Make an exact copy of the lines below.

*** Supplied records Section Begins ***

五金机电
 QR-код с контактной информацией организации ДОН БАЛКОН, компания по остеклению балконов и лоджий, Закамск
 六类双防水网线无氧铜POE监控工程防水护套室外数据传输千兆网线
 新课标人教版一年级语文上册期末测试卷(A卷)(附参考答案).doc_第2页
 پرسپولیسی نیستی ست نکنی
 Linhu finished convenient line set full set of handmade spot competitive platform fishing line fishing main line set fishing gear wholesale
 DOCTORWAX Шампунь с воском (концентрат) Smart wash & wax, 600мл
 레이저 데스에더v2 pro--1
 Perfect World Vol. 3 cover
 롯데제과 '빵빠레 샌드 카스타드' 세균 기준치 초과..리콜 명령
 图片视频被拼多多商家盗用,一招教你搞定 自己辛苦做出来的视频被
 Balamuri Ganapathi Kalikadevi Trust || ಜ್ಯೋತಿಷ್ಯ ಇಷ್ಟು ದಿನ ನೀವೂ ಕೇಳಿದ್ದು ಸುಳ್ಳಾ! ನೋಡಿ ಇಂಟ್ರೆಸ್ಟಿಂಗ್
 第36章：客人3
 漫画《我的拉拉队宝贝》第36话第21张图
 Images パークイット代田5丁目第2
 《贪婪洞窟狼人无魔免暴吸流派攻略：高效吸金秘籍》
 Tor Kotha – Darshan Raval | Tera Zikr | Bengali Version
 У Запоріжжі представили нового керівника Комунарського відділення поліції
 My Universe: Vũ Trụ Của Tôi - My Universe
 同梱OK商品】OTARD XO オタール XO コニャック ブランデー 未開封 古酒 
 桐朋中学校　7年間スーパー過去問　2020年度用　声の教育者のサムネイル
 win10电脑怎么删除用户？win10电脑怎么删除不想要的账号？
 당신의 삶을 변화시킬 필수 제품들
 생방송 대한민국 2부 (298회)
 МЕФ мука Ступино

*** Supplied records Section Ends ***

» Response to the exercise
五金机电
 QR-код с контактной информацией организации ДОН БАЛКОН, компания по остеклению балконов и лоджий, Закамск
 六类双防水网线无氧铜POE监控工程防水护套室外数据传输千兆网线
 新课标人教版一年级语文上册期末测试卷(A卷)(附参考答案).doc_第2页
 پرسپولیسی نیستی ست نکنی
 Linhu finished convenient line set full set of handmade spot competitive platform fishing line fishing main line set fishing gear wholesale
 DOCTORWAX Шампунь с воском (концентрат) Smart wash & wax, 600мл
 레이저 데스에더v2 pro--1
 Perfect World Vol. 3 cover
 롯데제과 '빵빠레 샌드 카스타드' 세균 기준치 초과..리콜 명령
 图片视频被拼多多商家盗用,一招教你搞定 自己辛苦做出来的视频被
 Balamuri Ganapathi Kalikadevi Trust || ಜ್ಯೋತಿಷ್ಯ ಇಷ್ಟು ದಿನ ನೀವೂ ಕೇಳಿದ್ದು ಸುಳ್ಳಾ! ನೋಡಿ ಇಂಟ್ರೆಸ್ಟಿಂಗ್
 第36章：客人3
 漫画《我的拉拉队宝贝》第36话第21张图
 Images パークイット代田5丁目第2
 《贪婪洞窟狼人无魔免暴吸流派攻略：高效吸金秘籍》
 Tor Kotha – Darshan Raval | Tera Zikr | Bengali Version
 У Запоріжжі представили нового керівника Комунарського відділення поліції
 My Universe: Vũ Trụ Của Tôi - My Universe
 同梱OK商品】OTARD XO オタール XO コニャック ブランデー 未開封 古酒 
 桐朋中学校　7年間スーパー過去問　2020年度用　声の教育者のサムネイル
 win10电脑怎么删除用户？win10电脑怎么删除不想要的账号？
 당신의 삶을 변화시킬 필수 제품들
 생방송 대한민국 2부 (298회)
 МЕФ мука Ступино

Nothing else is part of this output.